It would be good to hear others experience with slugs.
Shooting at 100 yards is always exciting. Plus,… you are trying out slugs,.. which (should?) put you at an advantage at longer ranges. Do you happen to know the fps’s you are getting and is the barrel a faster twist rate (more slug friendly) or is it a standard twist barrel? Does RAW do slug specific barrels,… like FX does?
I have a .25 Red Wolf HP and a .25 M-rod,… but have not tried much in the way of slugs yet. The HN Grizzlies did not do as well as the 25.39 pellets.
Best wishes going forwards!
I forget the twist rate. With pellets I was getting 1007 fps with 21 gr pellets and 824 fps with 34 gr pellets. I will have to try and measure the twist rate next week. They have both rifled and polygonal barrels. I think mine is polygonal.
I think the slugs can be designed with a radius of gyration that makes them stable at pellet spin rates. These slugs are not long compared to pellets and have a dence compact shape.
I can see your smile all the way to here!!!! Under two MOA with any shooter is something to be proud of for most shooters. Getting ONE MOA is a sign of Marksmanship; anything under is just MOCCA BUTTERCREAM icing on the cake!
The smallest bullet (SLUG) I shoot is .43 gn in .25 cal. and over 85FPE so i need to get my Marauder some of the new .22 Slugs. To much time with the Big Bores ;^)
There are just too many new toys out there that I want to play with! WAAAAAAAH!
I was out shooting with my Canon EOS Rebel T5i just a bit ago. This buck was just laying there chewing on his cud. I must have shot him almost ten times from about 25 yards away. He did not stand a chance.
I have had 3 fawns and a mama hanging around for about 3 weeks now. The 3 appear to be the mama’s. They can have 1-3, with 2 being the most common. They feel safe around here I guess. If I am out and looking,.. I can see at least some of them on a daily basis.

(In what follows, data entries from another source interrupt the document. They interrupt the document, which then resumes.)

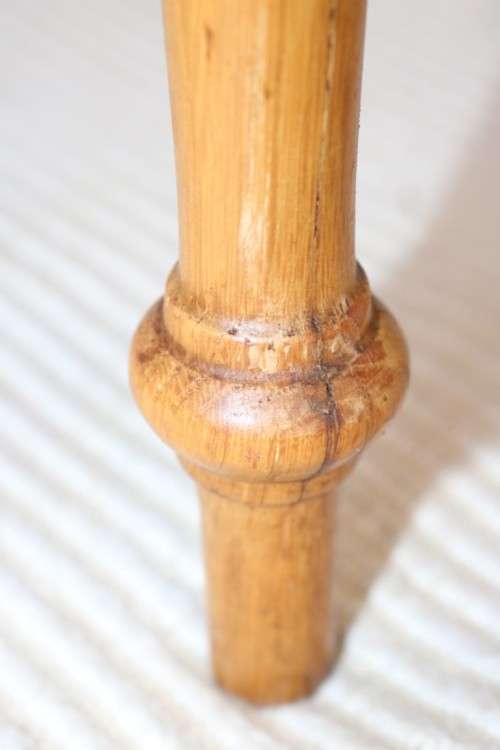 A gorgeous and stylish vintage solid Oak occasional/ side table with Sheraton legs - lovely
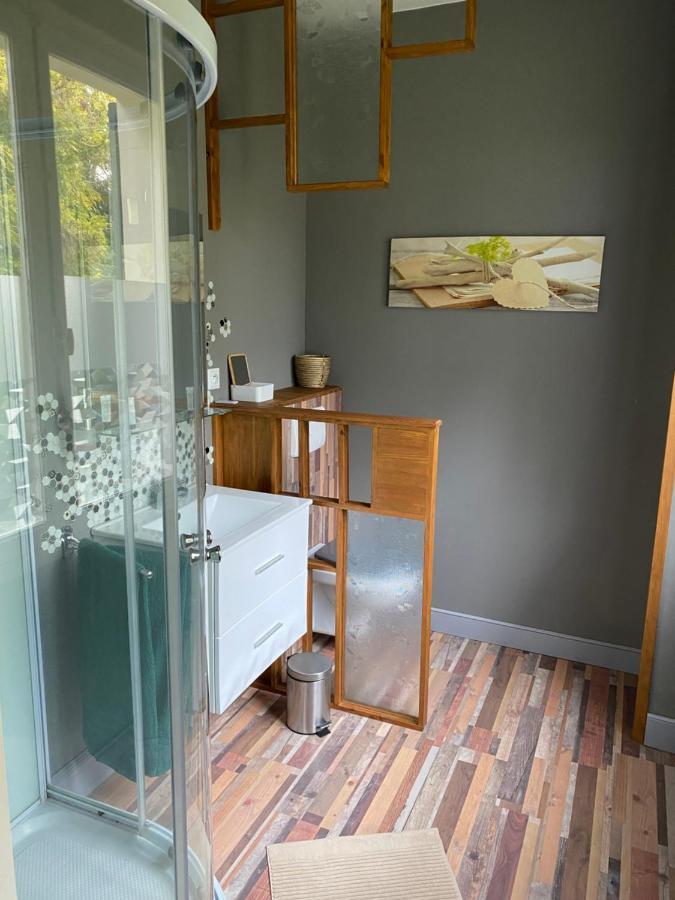 Bed and Breakfast Les Genebruyeres - L'Histoire D'Un Reve Aubigny-sur-Nère Esterno foto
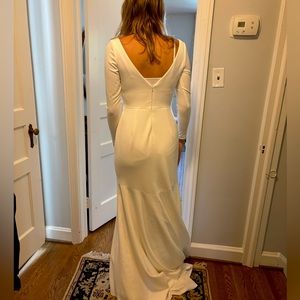 JENNY YOO SABEL LONG-SLEEVE CREPE WEDDING GOWN SIZE 6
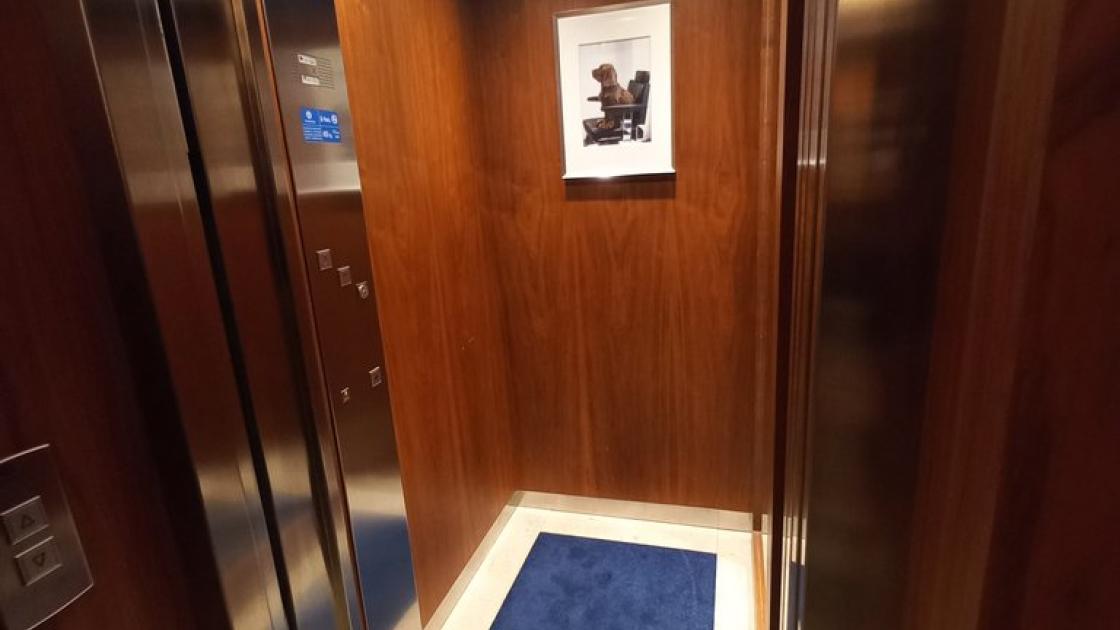 Cabina con dimensiones accesibles y equipamiento adaptado.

Today,… all 4 were in the yard and I was sitting in a lawn chair 25 yards or less away. 15-20 minutes. Pretty cool.
The baby’s are real good at hiding. I was clearing some wooded area awhile ago and one was (inside) a hollowed out down tree. I have seen them in downed trees/brush on several occasions.
Almost better than PLINKING those Feral Soda Cans!

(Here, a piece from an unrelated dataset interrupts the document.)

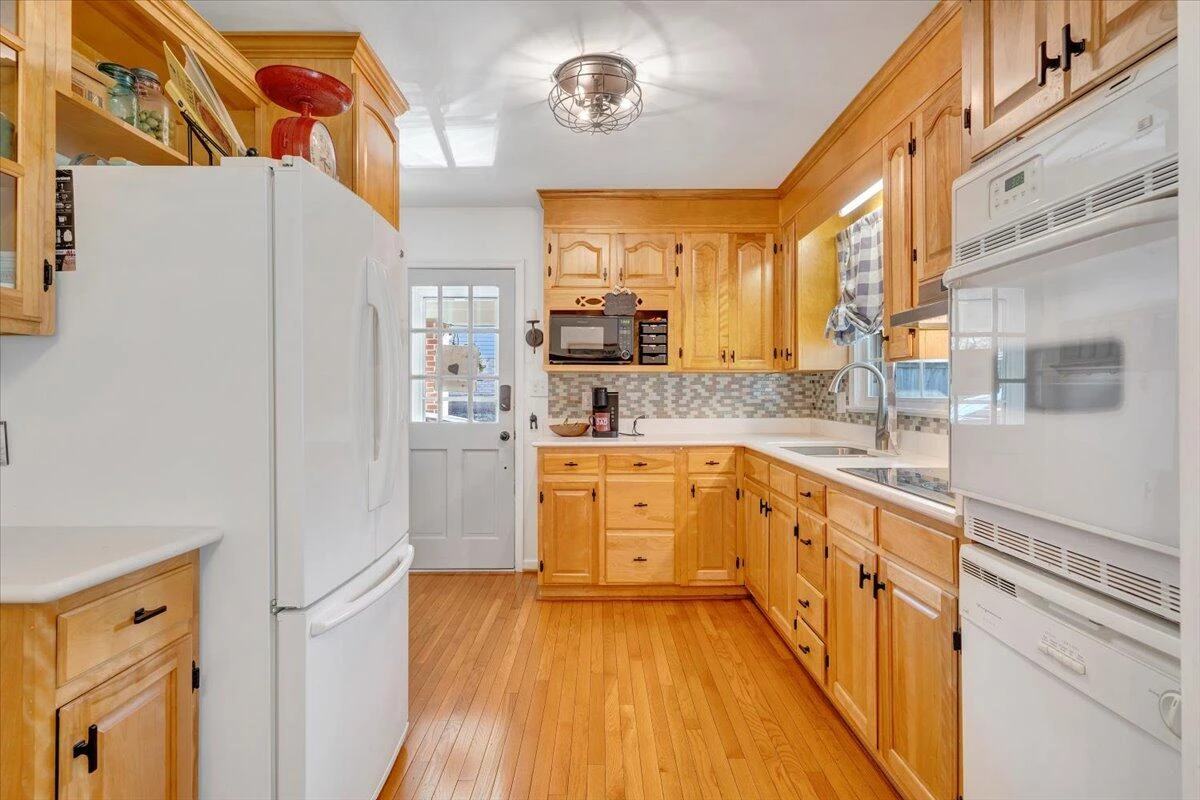 2831 Westclub DR - Photo 21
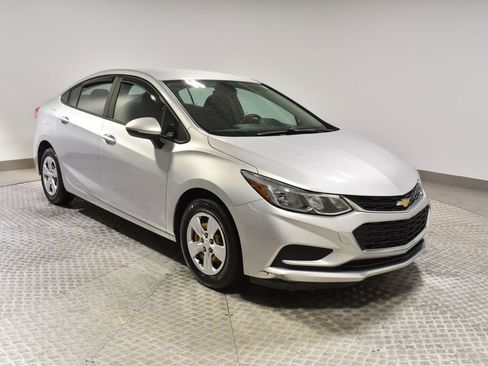 Used 2017 Chevrolet Cruze LS image 7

Did he have that come hither OUT OF SEASON look?
Wow! I will say that I am not at all impressed with the large fps spread, nor the 12# trigger. It’s all show and no go. Nice gun to hang on the wall. 🙂 My Gamo Urban only has 105cc reservoir but I get 25-30 shots with a fps spread of only 20 fps. I usually only shoot two mags, 20 shots, before filling. The fps spread for 20 shots is only 15 fps.
I am wondering if the K98 has an adjustable hammer spring. It would appear that the rifle is wasting a lot of air to get just a few more ft-lbs of energy. Maybe backing off the hammer spring would yield a flatter curve and only slightly less ft-lbs of energy.

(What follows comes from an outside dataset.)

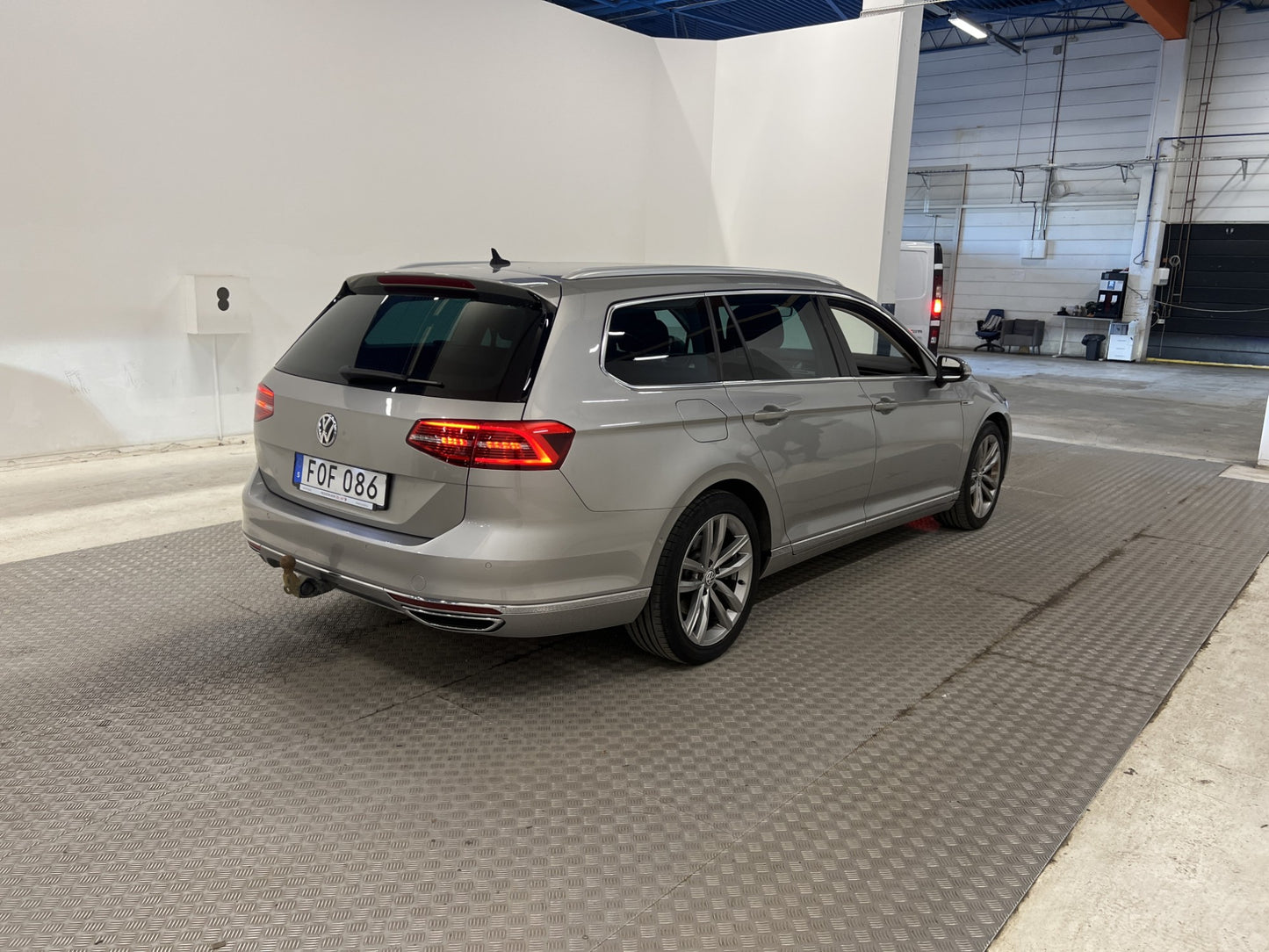 Volkswagen Passat 2.0 TDI 4Motion 240hk Värmare Navi Drag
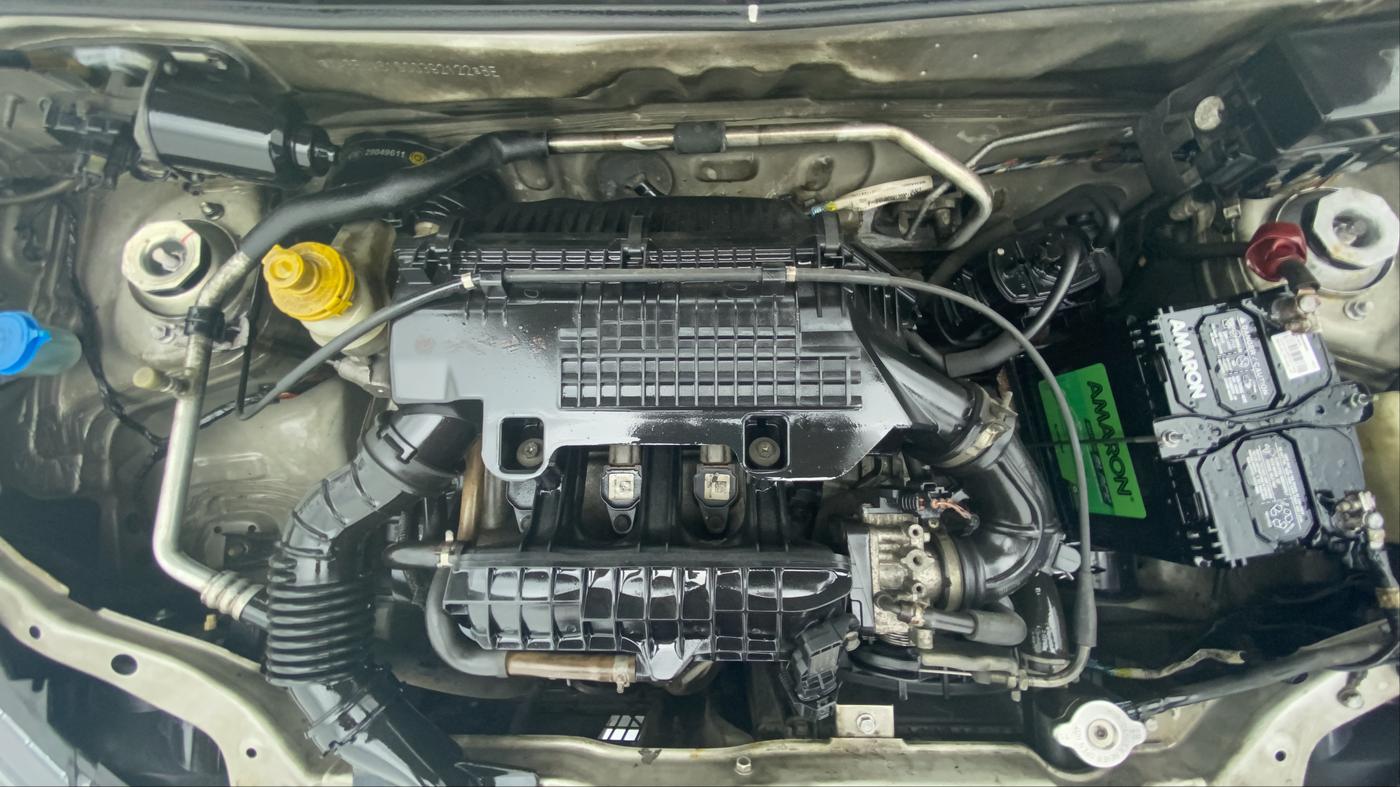 2014 Maruti Alto 800 LXI, Petrol, Manual, 1,37,470 km, Engine Bonet View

It is of concern that B.B.s example is so far OVER the rated energy claim? How much variation i wonder in the run of guns from the manufacturer?
Hammer Spring preload to my thinking is reserved for fine tuning for the chosen ammo/range to get best grouping.
I’m betting a stronger valve return (close) spring would do a better job with most appropriate weight ammo and a very slightly smaller TP (Transfer Port) to flatten out the peak in the curve. But first i would shoot 200+ to break in this powerplant before speculating more. That has been my experience with all the unregulated balanced valve PCP I have ever owned. I think you know my opinion is to go with No Regulator because i want full or close to full power for hunting and shot count be darned. After all i am perfectly happy with two shots at 500+ FPE.
I think the R10 is a better ‘K98’ than the Diana is; especially with the PG3 kit. What a beauty!
Dont put any grease on the piston sear rod for that kit. slows it down.Cocks smooth as butter with new shoe too.
No air required. love it.
At least the Diana hits hard like the Mauser does.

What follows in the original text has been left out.